- [Action item]:
Write the entries out exactly. Any images they hold stay out of the copy.

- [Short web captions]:
————————
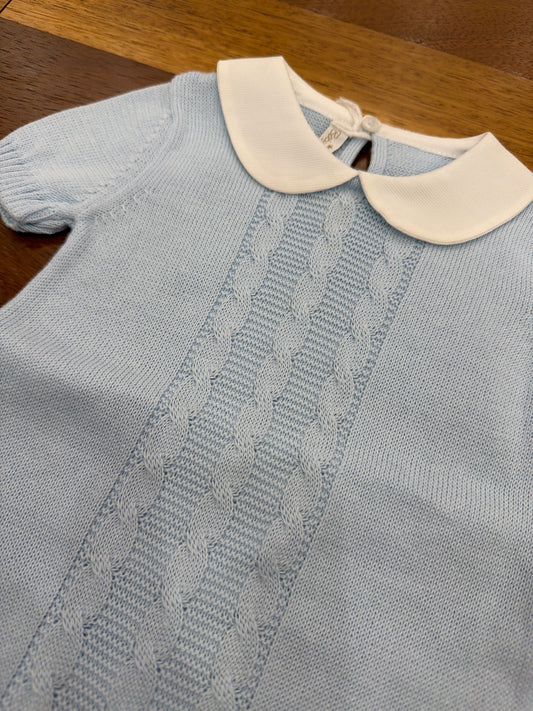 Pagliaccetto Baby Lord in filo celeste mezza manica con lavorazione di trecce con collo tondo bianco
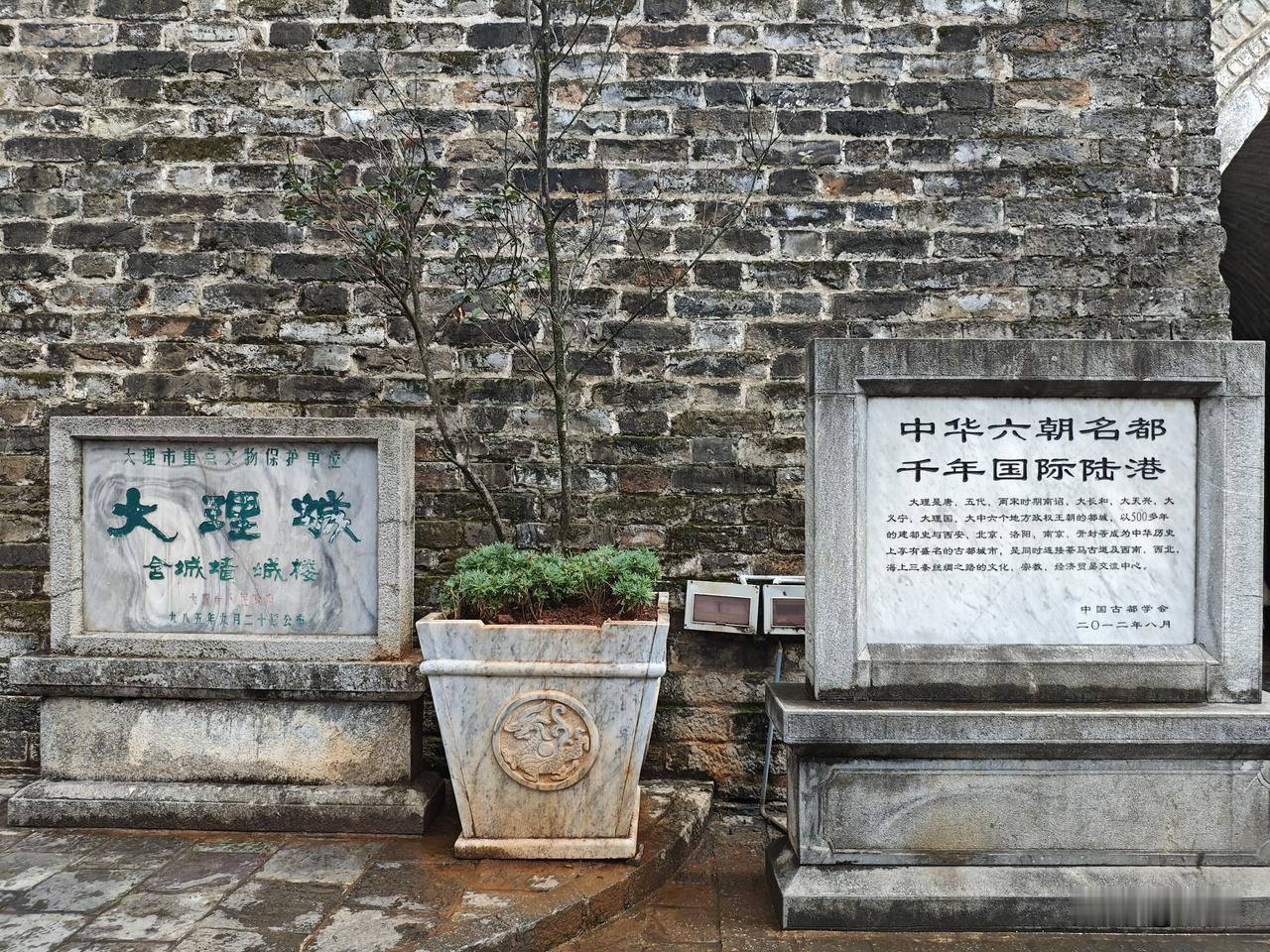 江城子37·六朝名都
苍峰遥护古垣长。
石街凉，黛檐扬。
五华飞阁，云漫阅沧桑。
————————
- [Exercise answer]:
 Pagliaccetto Baby Lord in filo celeste mezza manica con lavorazione di trecce con collo tondo bianco
 江城子37·六朝名都
苍峰遥护古垣长。
石街凉，黛檐扬。
五华飞阁，云漫阅沧桑。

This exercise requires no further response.